╔══

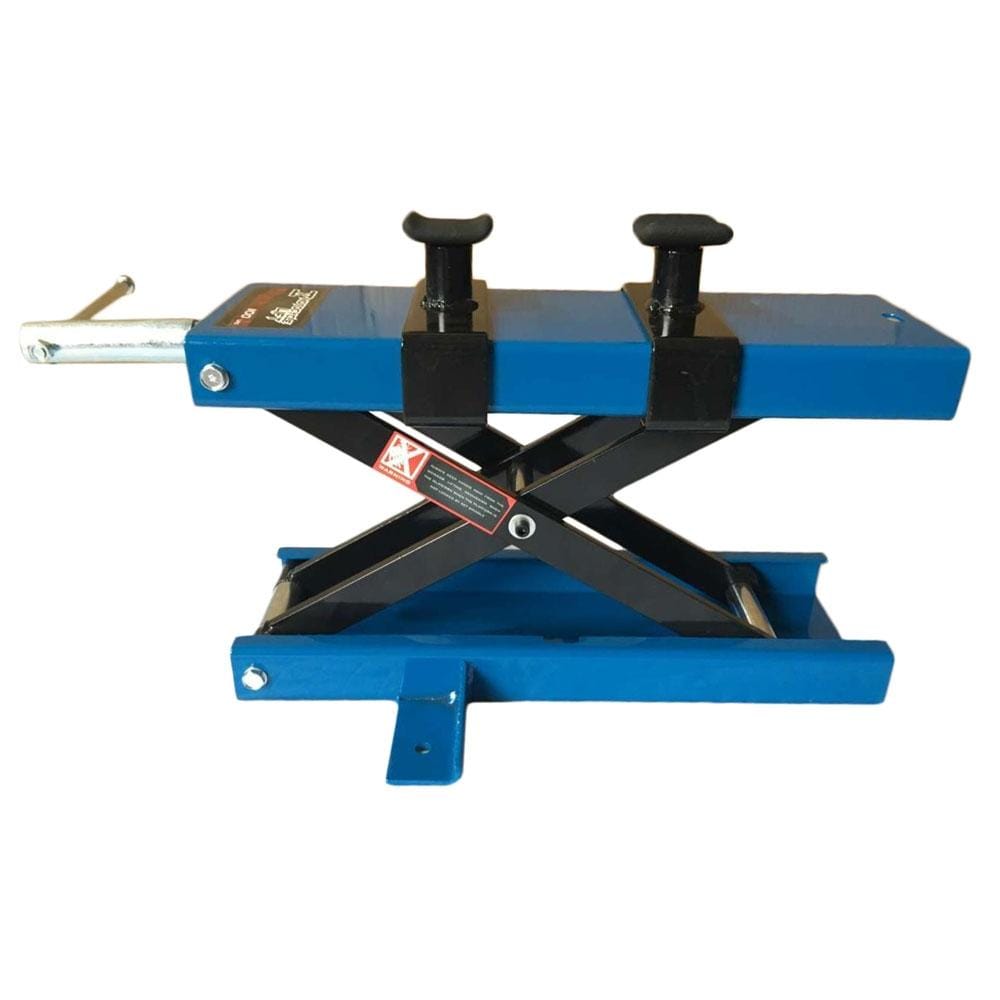 Steel Scissor Lifting Adjustable Platform for Motorcycle, with Fixation Clamp, Load-bearing: 1100lbs (Blue)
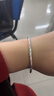 中国黄金（CHINA GOLD）银手镯足银999女生款纯银镯子实心年轻银饰生日礼物送女朋友老婆 【真爱玫瑰礼盒】好运锦鲤手镯 实拍图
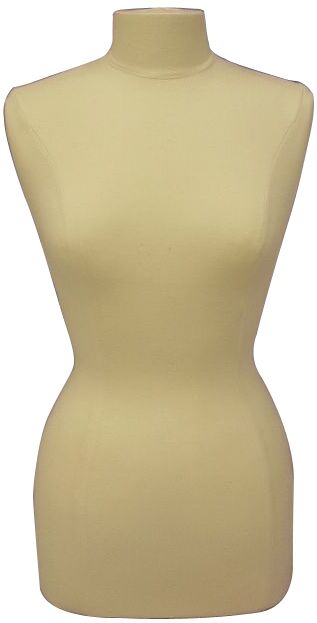 Female French Dress Form: White Jersey on Chrome Wheeled Base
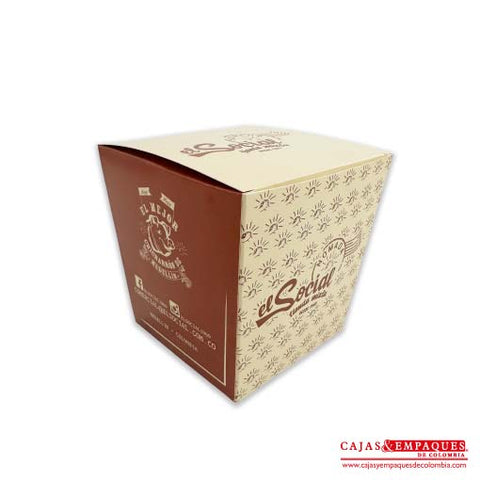 Imagen destacada de Caja tipo solapa | El Social 9x9x11 cm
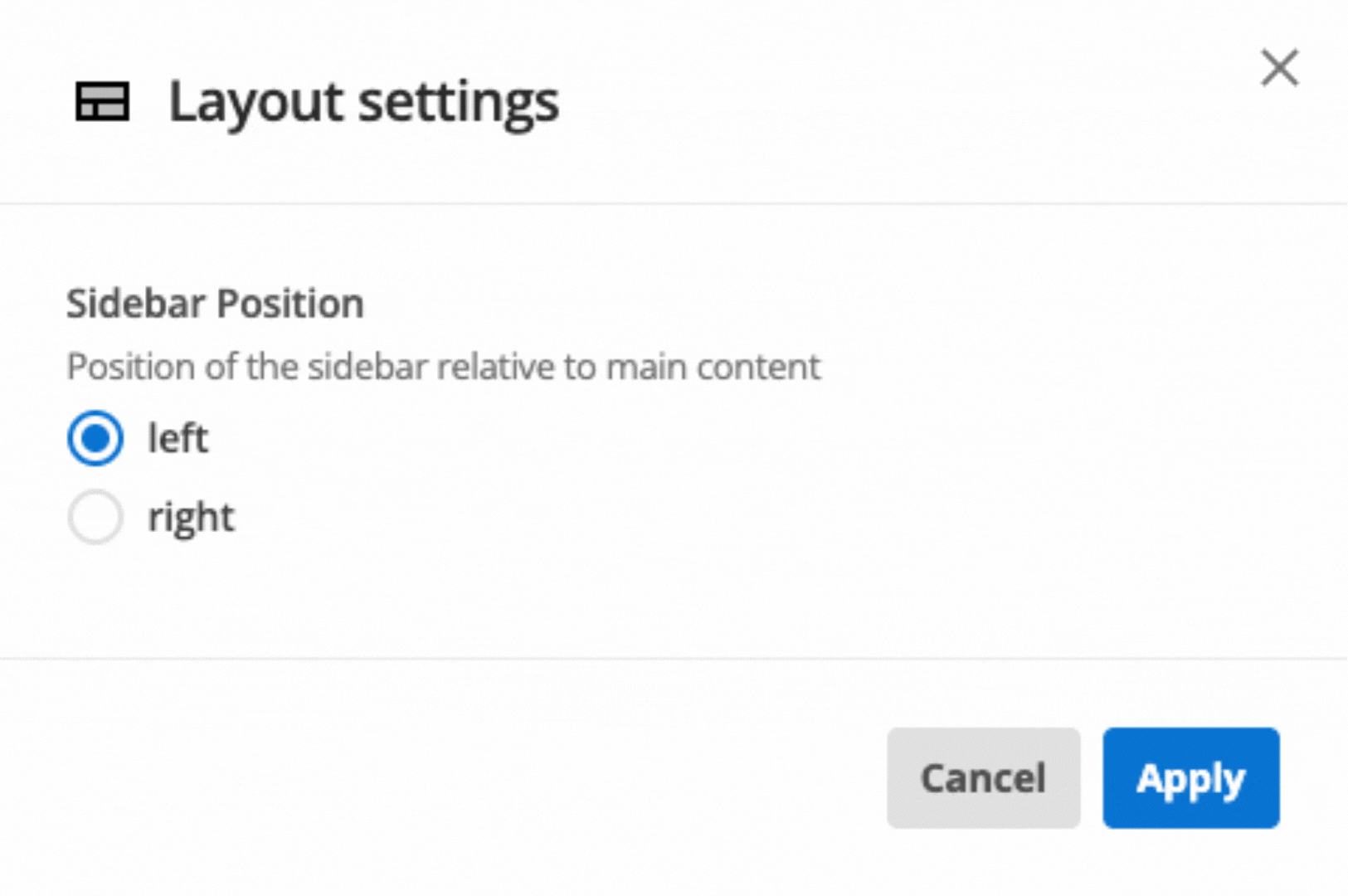 Configuring enumerator layout properties in Page Builder.
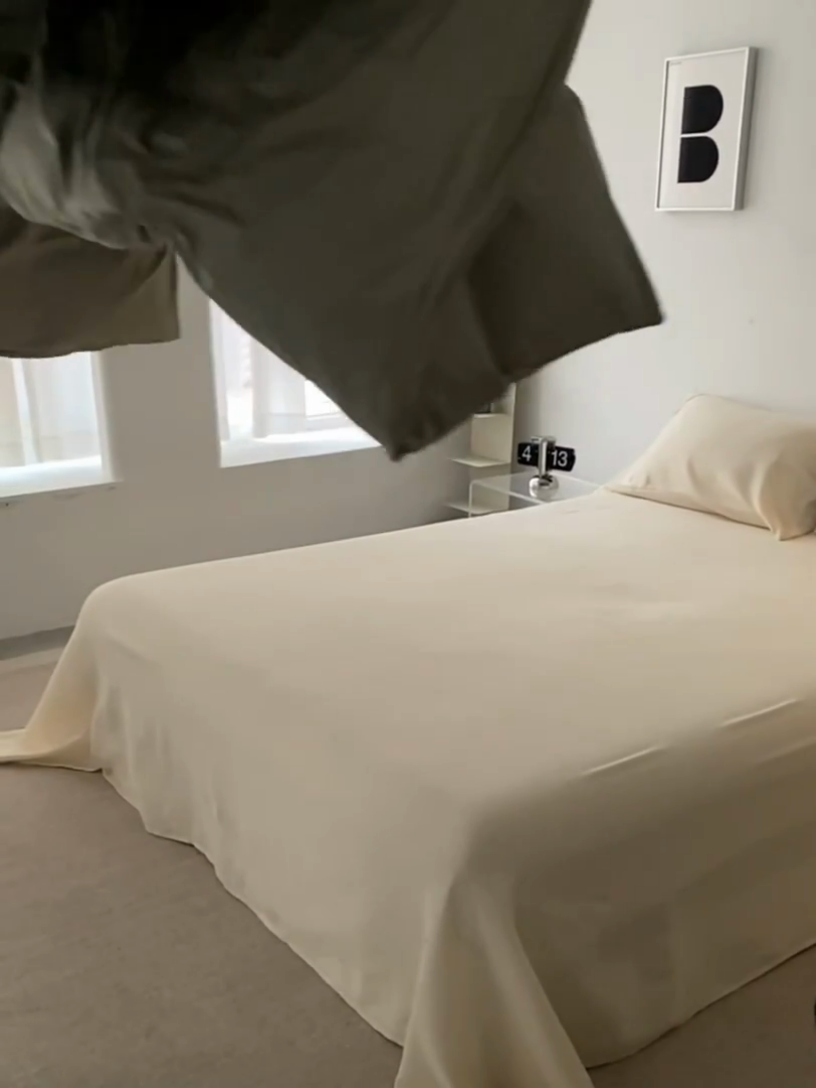 91家纺网 家纺一手货源 找家纺 （总）安莱生活 2024新款100s全棉贡缎单被套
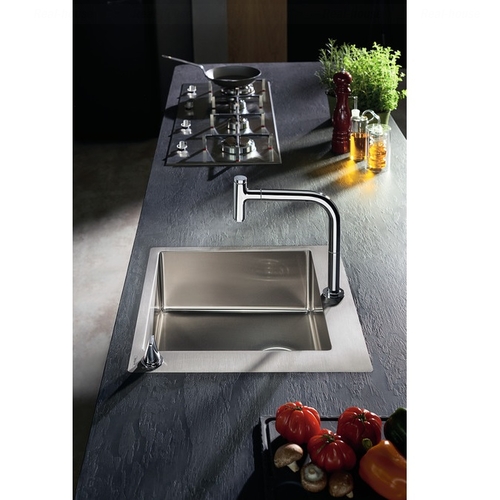 Кухонная мойка со смесителем Hansgrohe C71-F450-06 (43201) хром хром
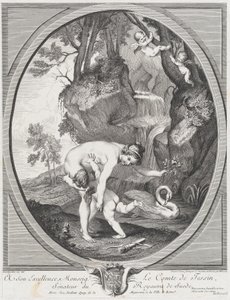 Venus Catching Love tai Venus Flogging Love, n. 1741. Tekijät: Caylus, Anne-Claude-Philippe de, Etienne Fessard. tekijältä Anne Claude Philippe de Caylus, Etienne Fessard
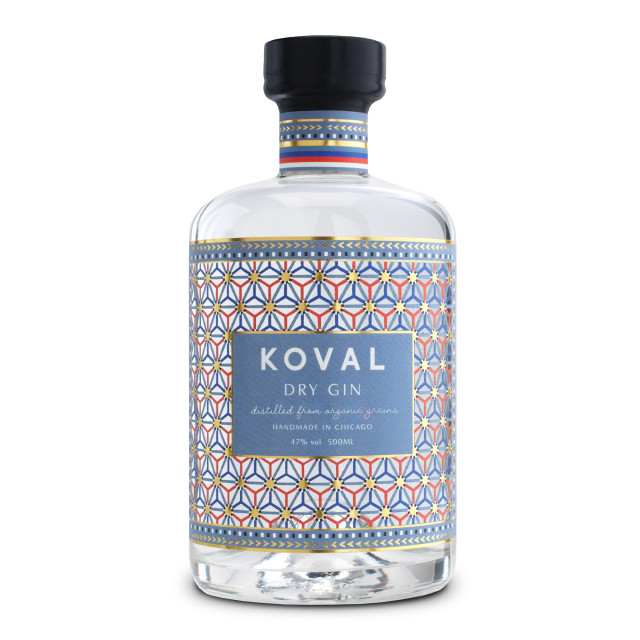 Koval Organic Dry Gin, 500ml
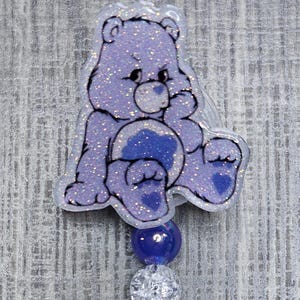 Grumpy Bear Badge Reel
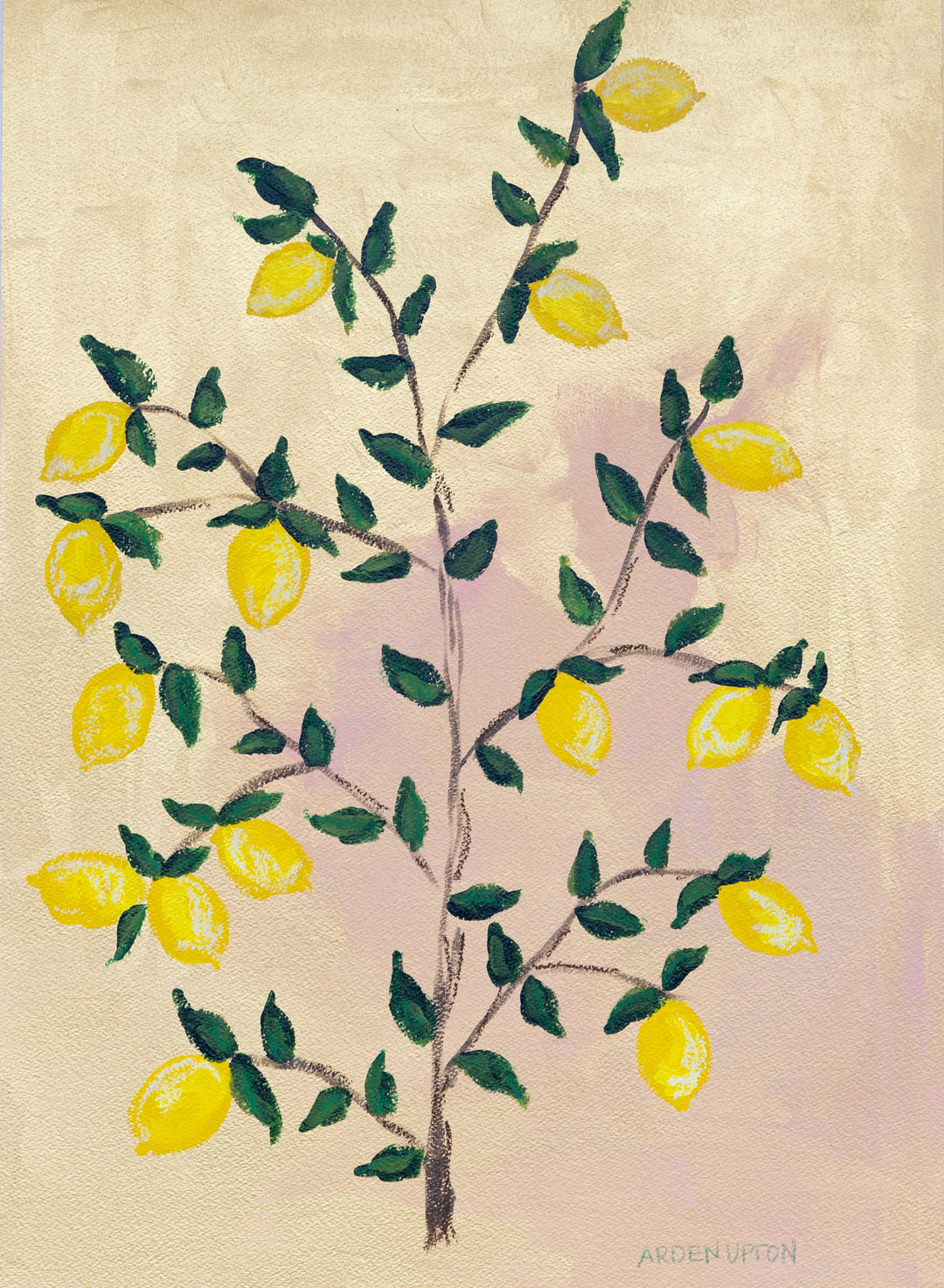 Lemon Art Print - Sorrento Lemon i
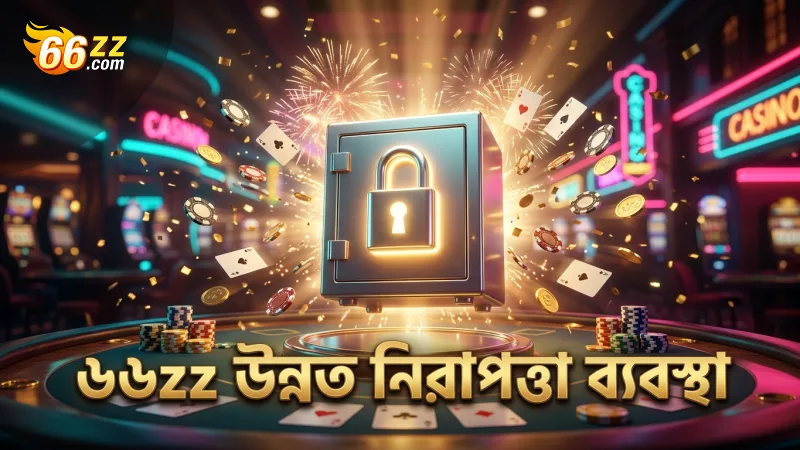 ৬৬zz নিরাপত্তার জন্য উন্নত ভেরিফিকেশন ও এনক্রিপশন ব্যবহার করে।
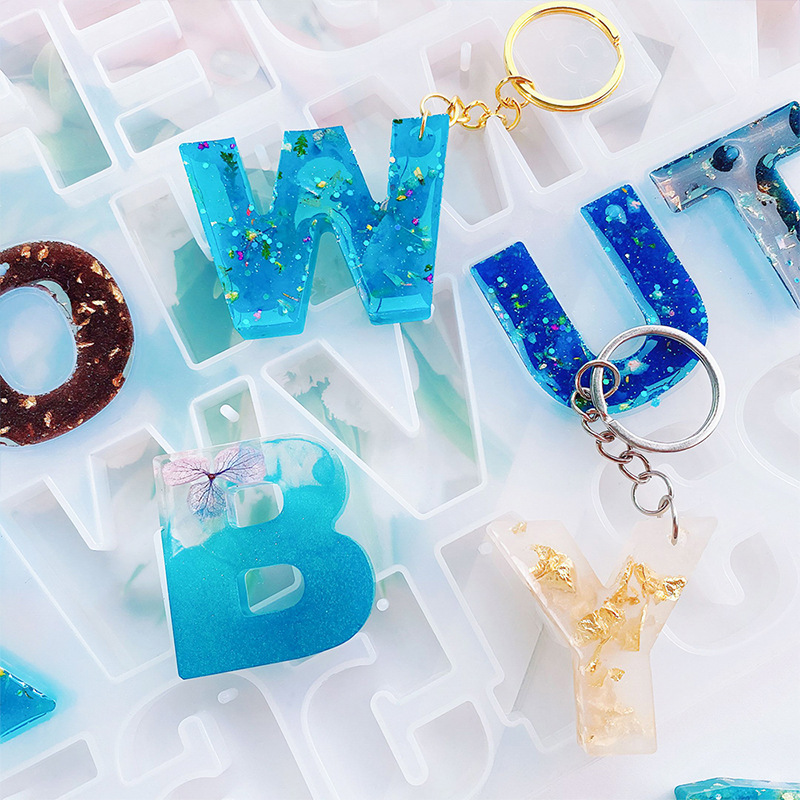 Alphabet Epoxy Resin Silicone  - Epoxy Uv Resin Kit 评论和价格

╚══

__Work to be completed__
Would it be possible to print the records above verbatim, pictures omitted?

__Solution to this problem__
 Steel Scissor Lifting Adjustable Platform for Motorcycle, with Fixation Clamp, Load-bearing: 1100lbs (Blue)
 中国黄金（CHINA GOLD）银手镯足银999女生款纯银镯子实心年轻银饰生日礼物送女朋友老婆 【真爱玫瑰礼盒】好运锦鲤手镯 实拍图
 Female French Dress Form: White Jersey on Chrome Wheeled Base
 Imagen destacada de Caja tipo solapa | El Social 9x9x11 cm
 Configuring enumerator layout properties in Page Builder.
 91家纺网 家纺一手货源 找家纺 （总）安莱生活 2024新款100s全棉贡缎单被套
 Кухонная мойка со смесителем Hansgrohe C71-F450-06 (43201) хром хром
 Venus Catching Love tai Venus Flogging Love, n. 1741. Tekijät: Caylus, Anne-Claude-Philippe de, Etienne Fessard. tekijältä Anne Claude Philippe de Caylus, Etienne Fessard
 Koval Organic Dry Gin, 500ml
 Grumpy Bear Badge Reel
 Lemon Art Print - Sorrento Lemon i
 ৬৬zz নিরাপত্তার জন্য উন্নত ভেরিফিকেশন ও এনক্রিপশন ব্যবহার করে।
 Alphabet Epoxy Resin Silicone  - Epoxy Uv Resin Kit 评论和价格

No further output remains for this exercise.